[PATCH 0/7] ARM: KVM: Revamping the HYP init code for fun and profit

Marc Zyngier marc.zyngier at arm.com
Tue Apr 2 09:25:08 EDT 2013


Over the past few weeks, I've gradually realized how broken our HYP
idmap code is. Badly broken.

The main problem is about supporting CPU hotplug. Imagine a CPU being
initialized normally, running VMs, and then being powered down. So
far, so good. Now mentally bring it back online. The CPU will come
back via the secondary CPU boot path, and then what? We cannot use it
anymore, because we need an idmap which is long gone, and because our
page tables are now live, containing the world-switch code, VM
structures, and other bits and pieces.

Another fun issue is that we don't have any TLB invalidation in the
HYP init code. And guess what? we cannot do it! HYP TLB invalidation
has to occur in HYP, and once we've installed the runtime page tables,
it is already too late. It is actually fairly easy to construct a
scenario where idmap and runtime pages have colliding translations.

The nail on the coffin was provided by Catalin Marinas who told me how
much he disliked the arm64 HYP idmap code, and made me realize that we
already have all the necessary code in arch/arm/kvm/mmu.c. It just
needs a tiny bit of care and affection. With a chainsaw.

The solution to the first two issues is a bit tricky, but doesn't
involve a lot of code. The hotplug problem mandates that we keep two
sets of page tables (boot and runtime). The TLB problem mandates that
we're able to transition from one PGD to another while in HYP,
invalidating the TLBs in the process.

To be able to do this, we need to share a page between the two page
tables. A page that will have the same VA in both configurations.

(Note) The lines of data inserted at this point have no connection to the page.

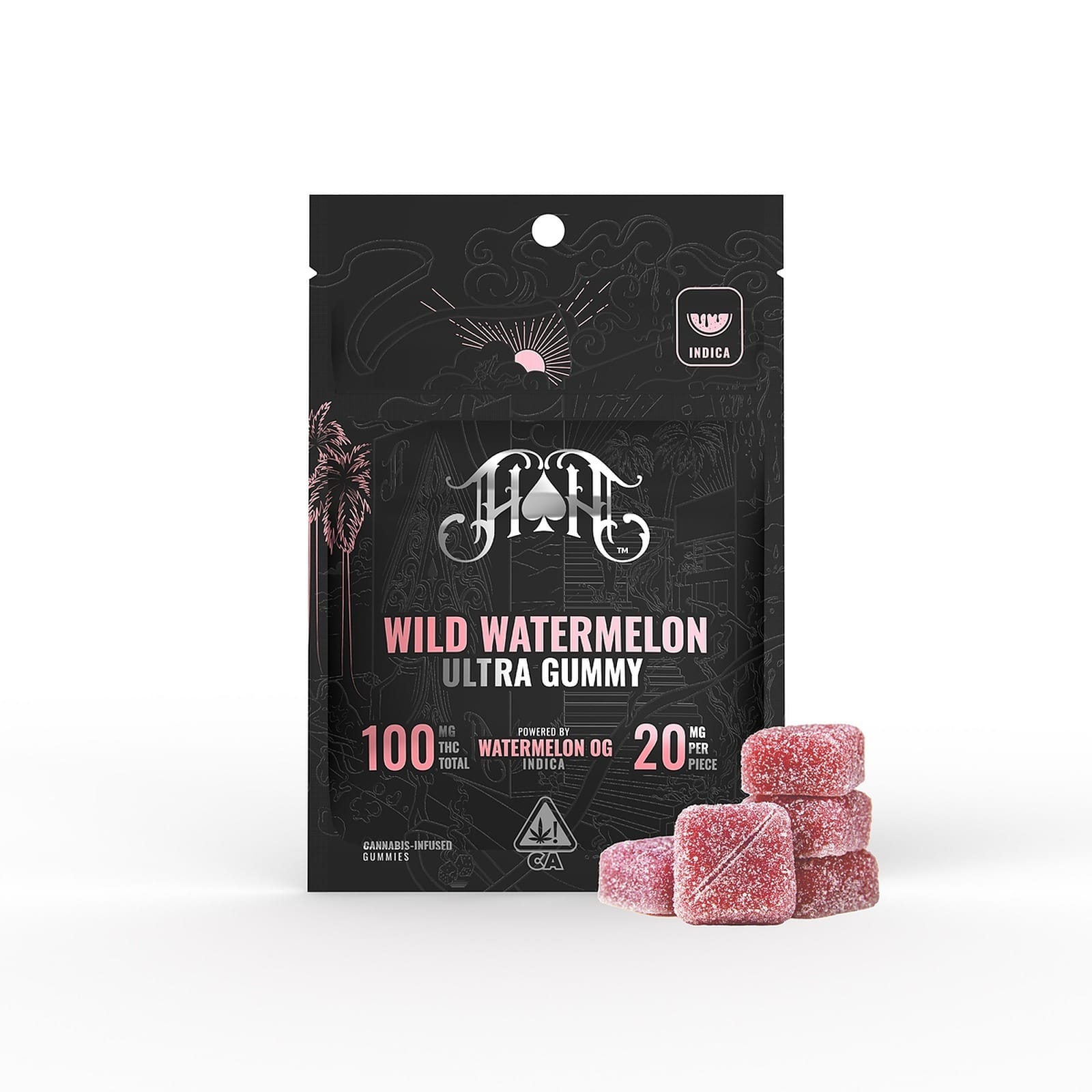 Wild Watermelon Gummies - 100mg - 5 Pack Indica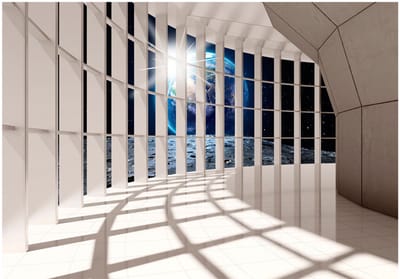 Fotobehangkoning - Behang - Vliesbehang - Fotobehang 3D Tunnel op de Maan - Lunar Passage - 300 x 210 cm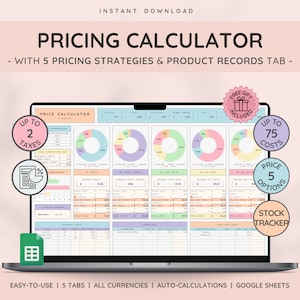 Price & Profit Calculator for Small Businesses with 5 Pricing Strategies and up to 2 Taxes | Price Guide | Price List for Google Sheets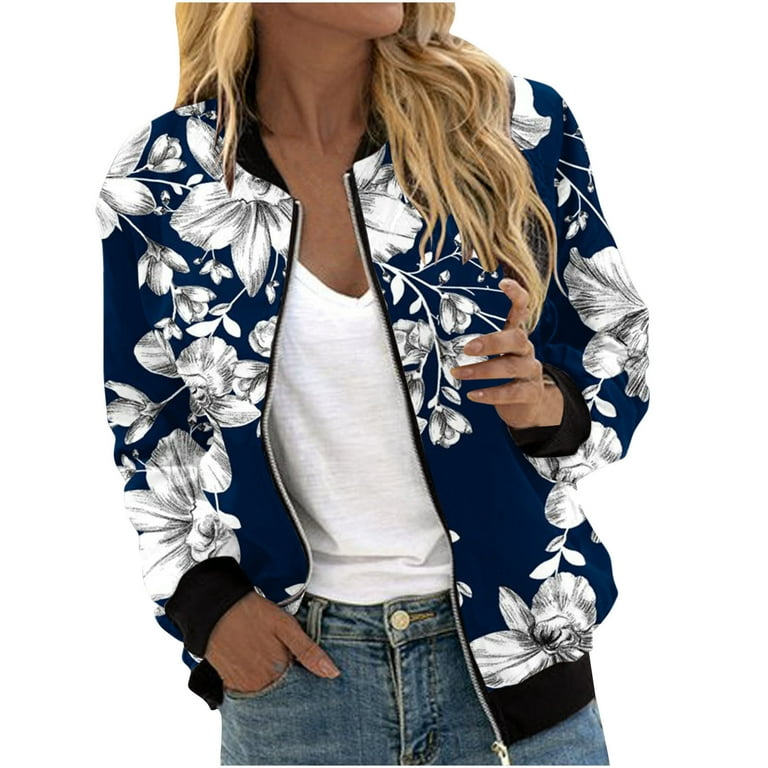 Cropped Bomber Jacket Women Zip Up Long Sleeve Floral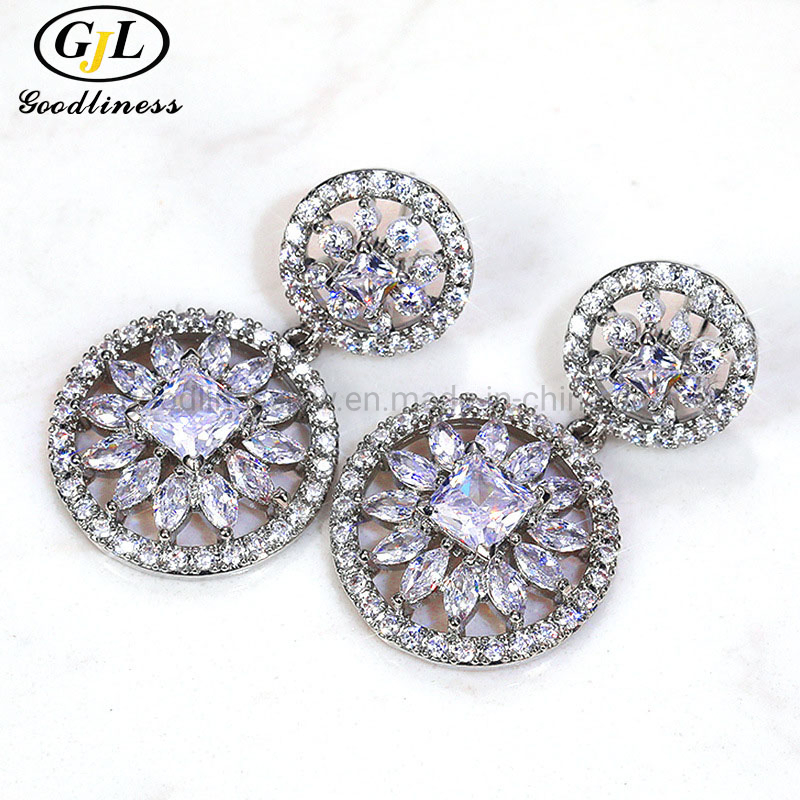 New Fashion Elegant Party Jewelry for Women Geometry Crystal Dangle Earrings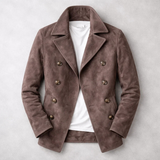 Niccolo – Klassische Zweireihige Wildleder Jacke – Dunkelbraun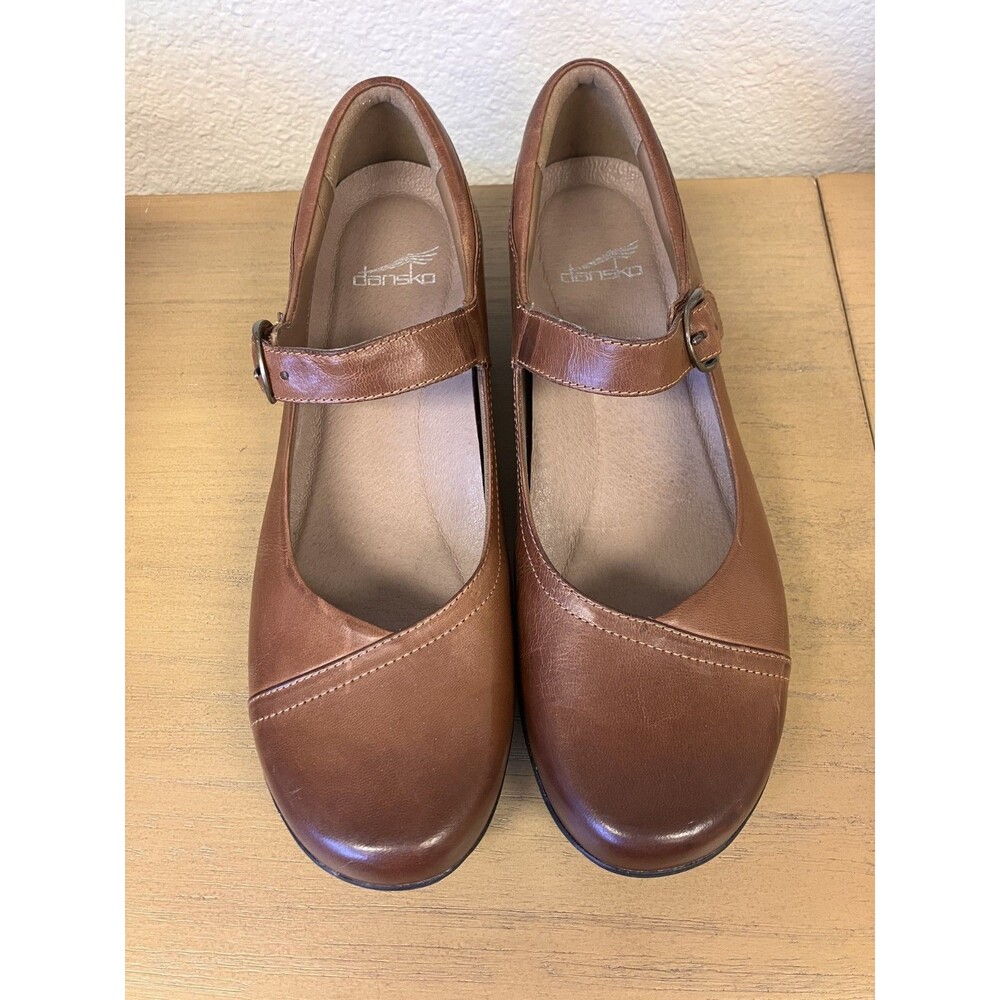 Dansko 41 Fawna Burnished Calf in Chestnut, Mary Jane w/ Strap and Low Heel, NIB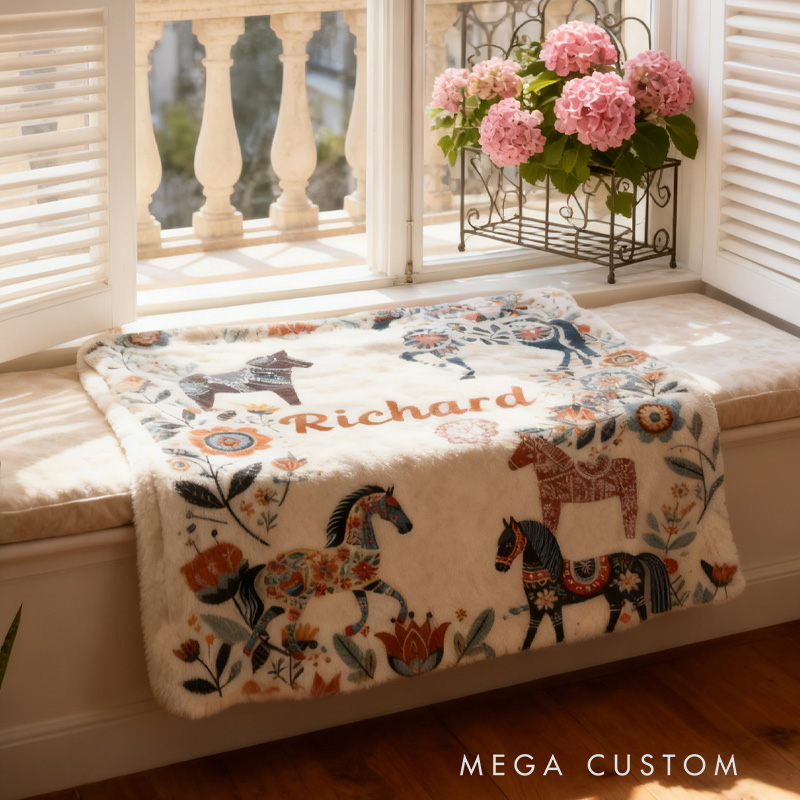 Personalized Riding Floral Blanket Floral Horse Custom Name Throw Blanket Festive Flower Decor with French Countryside Gifts Family Blanket for Riding Lovers Equestrian Lovers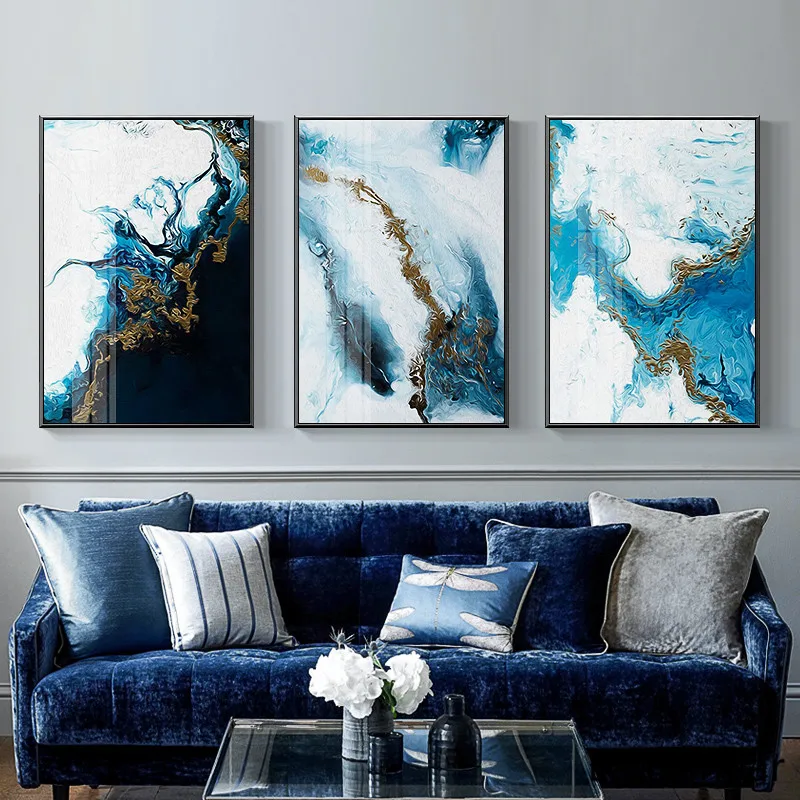 Nordic Abstract Color Spalsh Blue Golden Canvas Painting Poster And Print Unique Decor Wall Art Pictures For Living Room Bedroom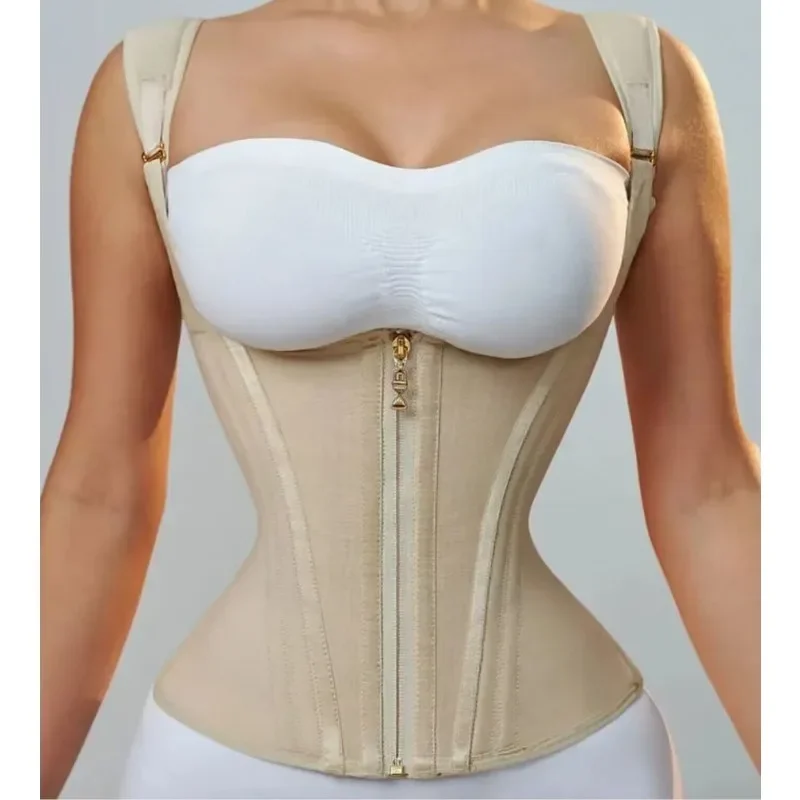 Body Shapewear Flat Belly Slimming Postpartum Tight Fitting Belt 15 Bone Vest Style Woman Corset High Elastic Mesh Waist Trainer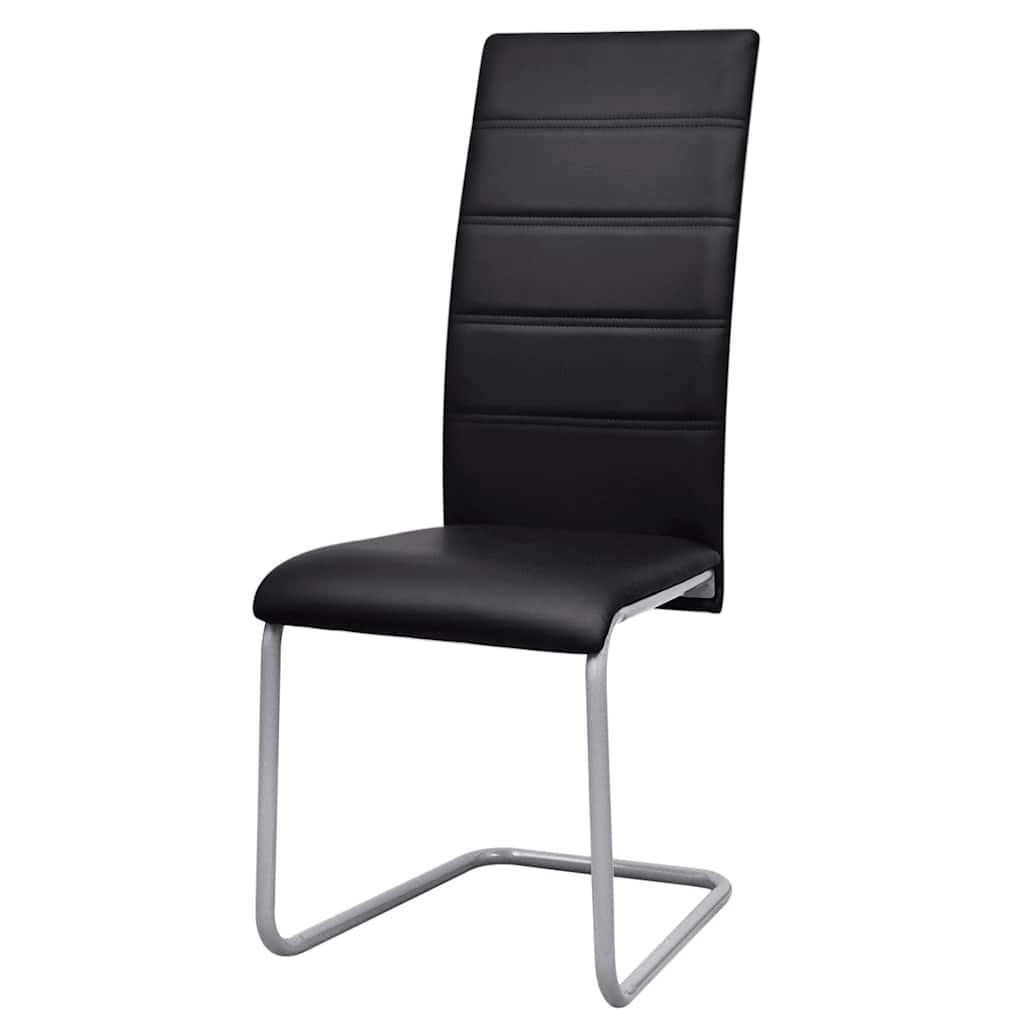 Cantilever Dining Chairs 2 pcs Black Faux Leather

All
we need is a VA that has the following properties:
- This VA can't be used to represent a kernel mapping.
- This VA will not conflict with the physical address of the kernel
  text

The vectors page VA seems to satisfy this requirement:
- The kernel never maps anything else there
- The kernel text being copied at the beginning of the physical
  memory, it is unlikely to use the last 64kB (I doubt we'll ever
  support KVM on a system with something like 4MB of RAM, but patches
  are very welcome).

Let's call this VA the trampoline VA.

Now, we map our init page at 3 locations:
- idmap in the boot pgd
- trampoline VA in the boot pgd
- trampoline VA in the runtime pgd

The init scenario is now the following:
- We jump in HYP with four parameters: boot HYP pgd, runtime HYP pgd,
  runtime stack, runtime vectors
- Enable the MMU with the boot pgd
- Jump to a target into the trampoline page (remember, this is the
  same physical page!)
- Now switch to the runtime pgd (same VA, and still the same physical
  page!)
- Invalidate TLBs
- Set stack and vectors
- Profit! (or eret, if you only care about the code).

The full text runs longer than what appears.